MENSCHENRECHTSBERICHT TÜRKEI DEZEMBER 2013 – Demokratisches Türkeiforum (DTF)

Die folgenden Nachrichten wurden im November 2013 vom DTF in der türkischen Presse erfasst  und meist zusammenfassend übersetzt.

45 Minderjährige im Prozess wegen Gezi-Protesten in Antalya angeklagt

Radikal berichtete am 09.12.2013, dass von 170 Personen, die wegen der Gezi-Proteste in Antalya angeklagt wurden, 45 Kinder sind. Sie sollen jetzt vor dem Jugendgericht angeklagt werden. Wenn die Behörden feststellen, dass es sich bei Angeklagten um Minderjährige handelt, müssen diese zur zuständigen Jugendabteilung bei der Polizei gebracht werden und  können nur vom Staatsanwalt in Gegenwart eines Psychologen verhört werden.

 

Staatsanwalt fordert 2 Jahre Haft für 13-Jährigen

Hürriyet Daily News berichtete am 10.10.2012, dass ein Staatsanwalt in Canakkale eine 2-jährige Haftstrafe für einen 13-Jährigen u.a. wegen Zerstörung öffentlichen Eigentums forderte. Der Grundschüler B.T.I. wird beschuldigt, während der Gezi-Proteste Slogans mit Farbe auf eine Straße gesprüht  zu haben, u.a.  “Regierung tritt zurück“, „Tod dem Faschismus“ und „f…k die Polizei“.

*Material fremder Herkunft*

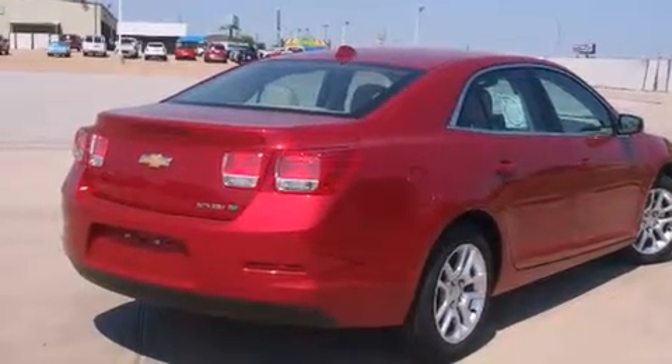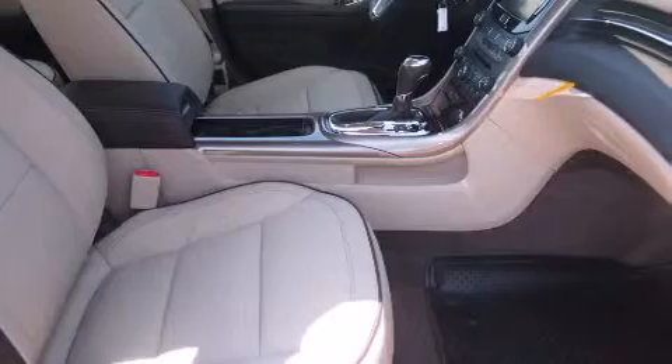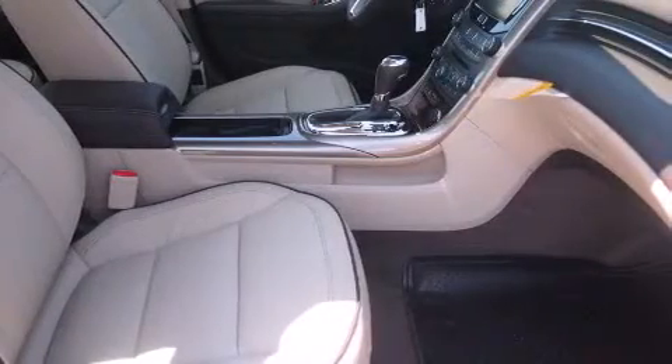All of the following features are included: heated seats, a navigation system, cruise control, and a CD player.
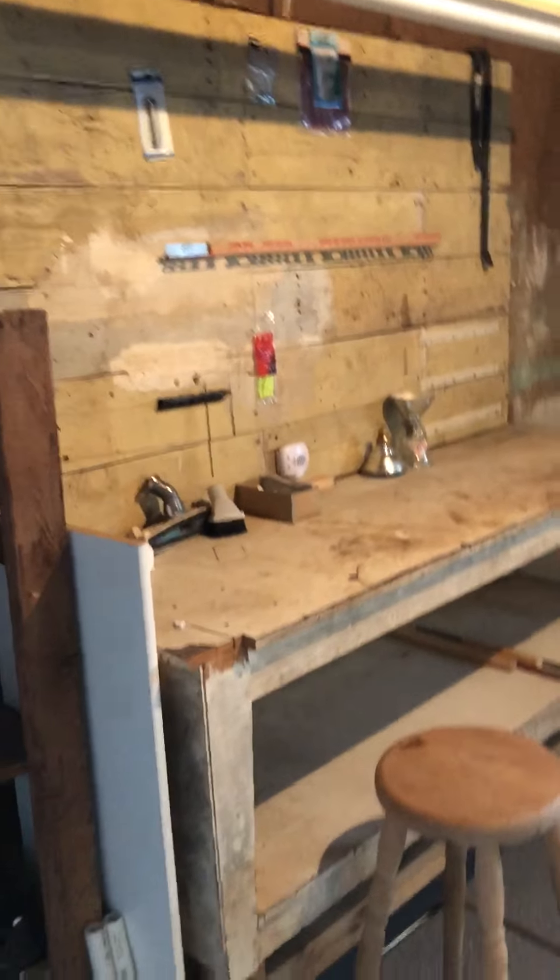Newer furnace — the water heater is decent but the furnace is definitely the newer one. This spot almost felt like it should have been a garage, but it's a total work area. A little step down — it must have been a little add-on. There's the water main. And the electrical box.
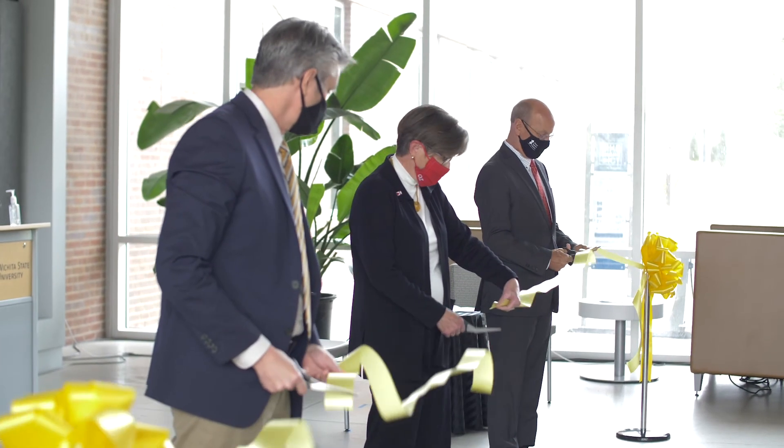Our colleges and universities are the engines of innovation that create jobs, promote economic development, and cultivate the healthy and productive workforce we need to compete nationally and globally.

Der Staatsanwalt fordert, dass – falls das Kind keine Haftstrafe erhält – das Kind von seiner Familie fortgenommen und in staatliche Obhut gegeben wird.

Am 3. Juni, als die Gezi-Park-Proteste sich über das ganze Land ausbreiteten, waren 2.500 Leute durch den „Freiheits-Park“ der Stadt gezogen und hatten Parolen gerufen. Die Polizei war nicht eingeschritten, verfolgte aber diejenigen, die Slogans an Wände oder auf die Straße geschrieben hatten.

Durch die Videoaufzeichnung einer installierten Kamera  der Stadt wurde B.T.I. identifiziert. B.T.I. wurde zum Staatsanwalt gerufen und in Anwesenheit eines Psychologen verhört.

Der Junge sagte, er habe Slogans auf die Straße geschrieben, die er von der Menge gehört habe.

Die Gerichtsmedizin erstellte ein Gutachten, in dem festgestellt wurde, dass das Kind nicht reif genug sei, die rechtlichen Konsequenzen der von ihm begangenen Straftat zu verstehen.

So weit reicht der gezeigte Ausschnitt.